_What you will do_. Set down the records once more, please, exactly and with the pictures left out.

_Provided data_.

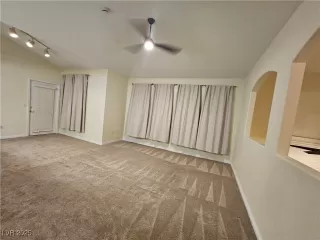 Photo #5: 2686651 Listing 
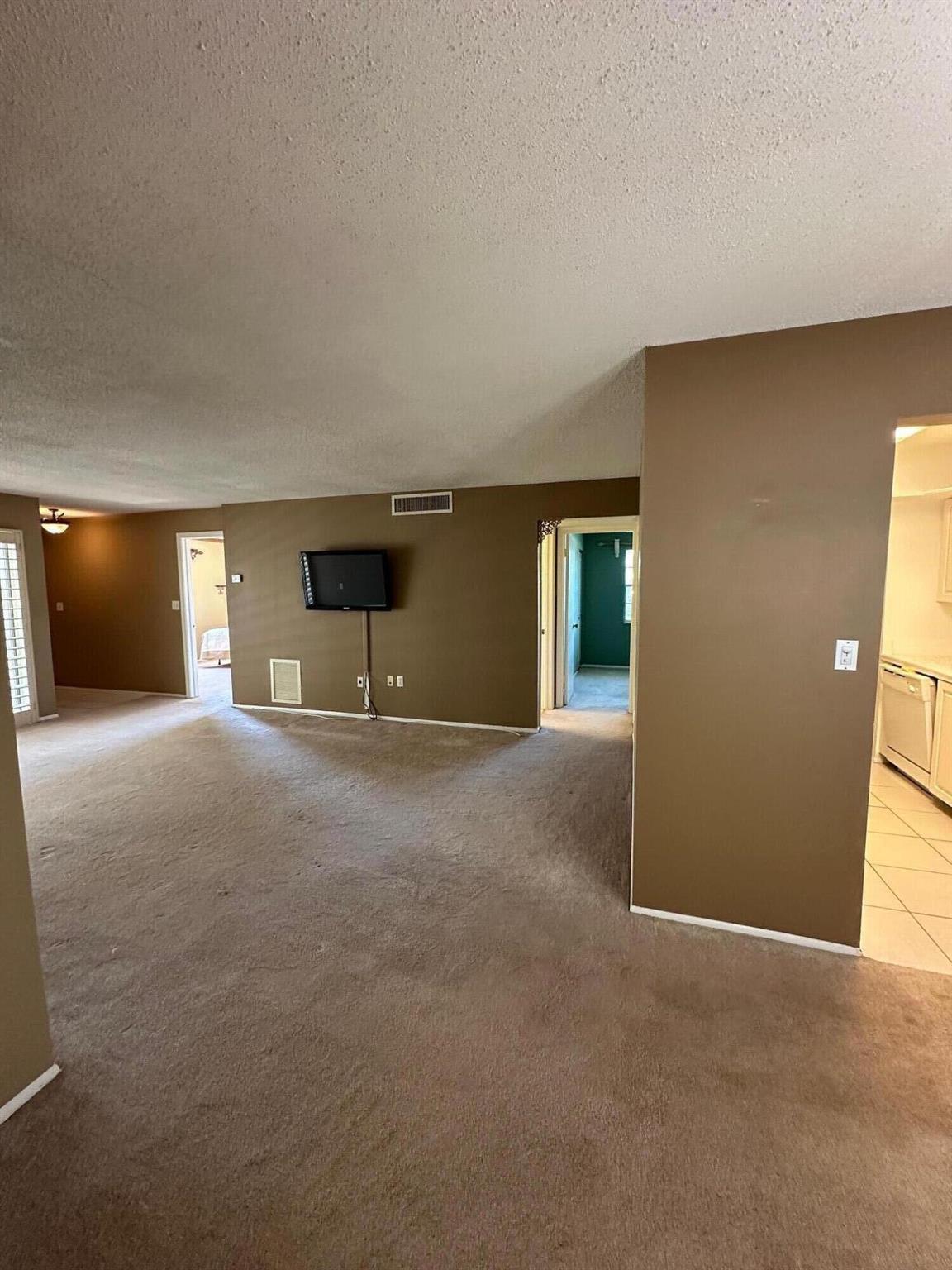 GARDENWAY F-J - Residential Lease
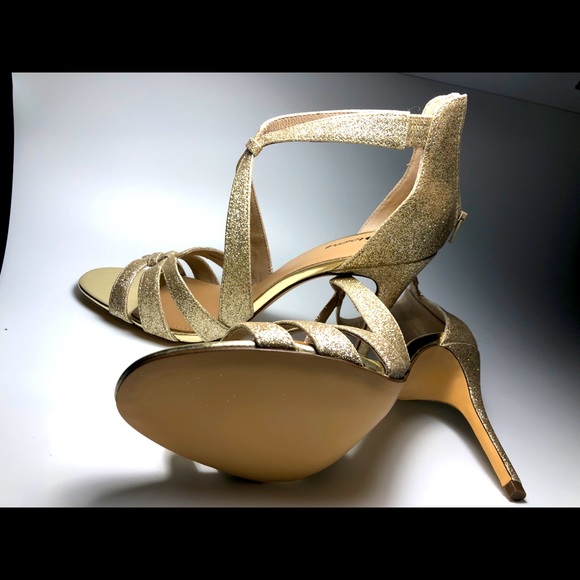 Brand new gorgeous shoes by Browns (Canada) - Picture 11 of 16
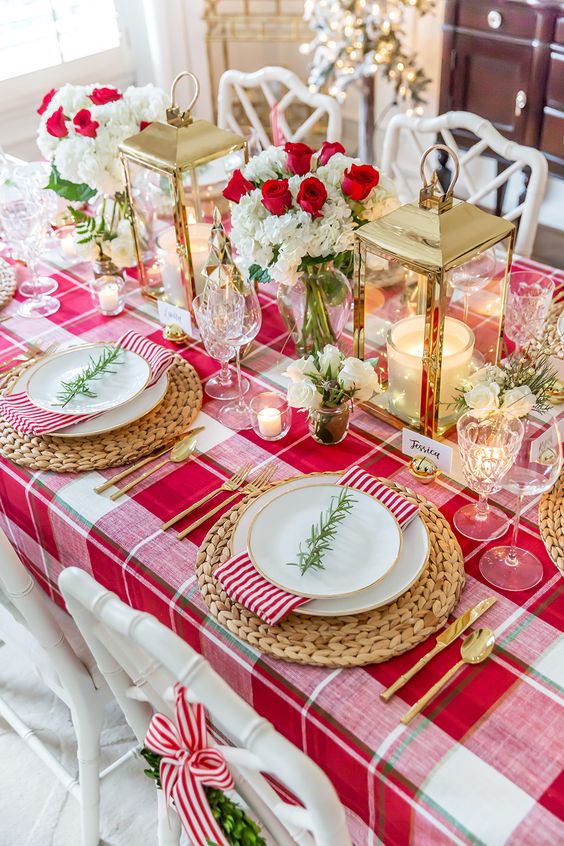 red and gold christmas decor 42 Amazing Red And Gold Christmas Décor Ideas DigsDigs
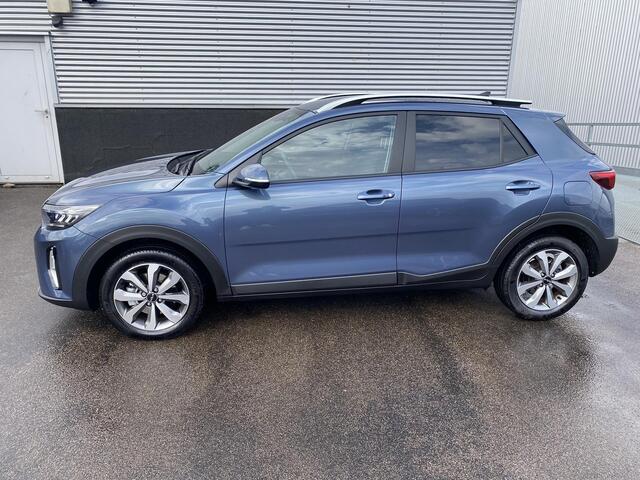KIA Stonic 1.0 T-GDi MHEV DynamicPlusLine Stoel- & stuurverwarming, Nieuw geleverd, NL-auto, navigatie, Apple CarPlay/Android Auto, camera, keyless, cruise control, zeer lage km stand!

_Task response_.
 Photo #5: 2686651 Listing 
 GARDENWAY F-J - Residential Lease
 Brand new gorgeous shoes by Browns (Canada) - Picture 11 of 16
 red and gold christmas decor 42 Amazing Red And Gold Christmas Décor Ideas DigsDigs
KIA Stonic 1.0 T-GDi MHEV DynamicPlusLine Stoel- & stuurverwarming, Nieuw geleverd, NL-auto, navigatie, Apple CarPlay/Android Auto, camera, keyless, cruise control, zeer lage km stand!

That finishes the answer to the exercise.